For these reasons, the Menarini Group released a monograph about Raphael, written by Italian art historian Cristina Acidini for the historic Menarini Art Volumes series. Three videos of the Menarini Pills of Art project will lead you to discover some of the most famous portraits of this incredible Renaissance artist. 


Portrait of Guidobaldo da Montefeltro

Art historian Cristina Acidini, author of the recent Menarini Art Volume on Raphael, leads us to discover the portrait of Guidobaldo da Montefeltro, a work whose attribution to Raphael was uncertain for a long time.

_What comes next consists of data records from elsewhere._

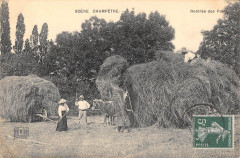Scene Champetre Rentree Des FOINS/ Agriculture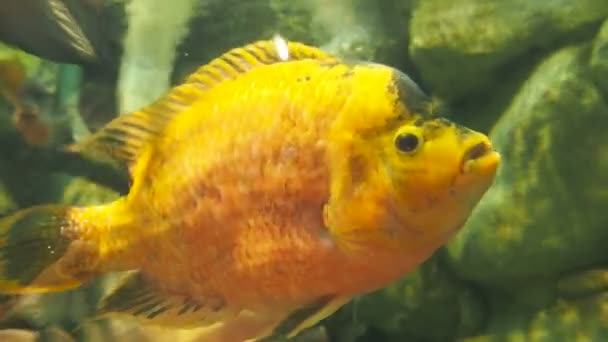 Φωτεινές κίτρινες κιχλίδες σε ειδική δεξαμενή. Πορτοκαλί ψάρια στο ενυδρείο. — Αρχείο Βίντεο
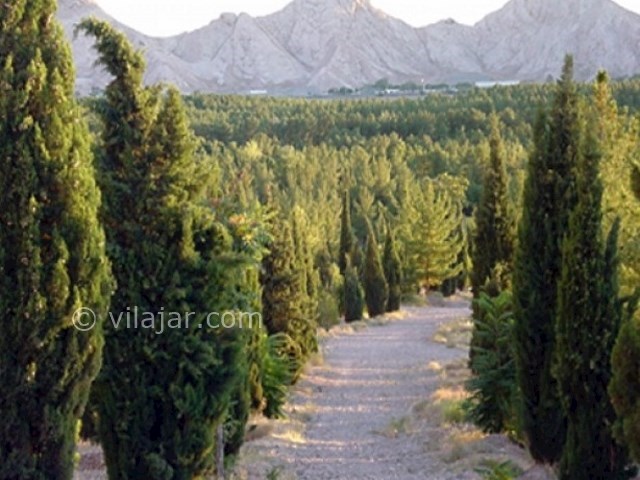 عکس اصلی شماره 2 - جنگل قائم در کرمان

The portrait depicts Guidobaldo da Montefeltro, the last descendant of the Montefeltro dynasty and Duke of Urbino, Raphael’s hometown. Raphael’s father, Giovanni Santi, had been a poet and painter at the court of Urbino, and Raphael himself never lost contact with the Dukes of Urbino, although his brilliant career had taken him to travel to Perugia, Florence, Siena and Rome. Raphael painted the portrait around 1506 during a stay in his hometown, forming a diptych with the portrait of Elisabetta Gonzaga.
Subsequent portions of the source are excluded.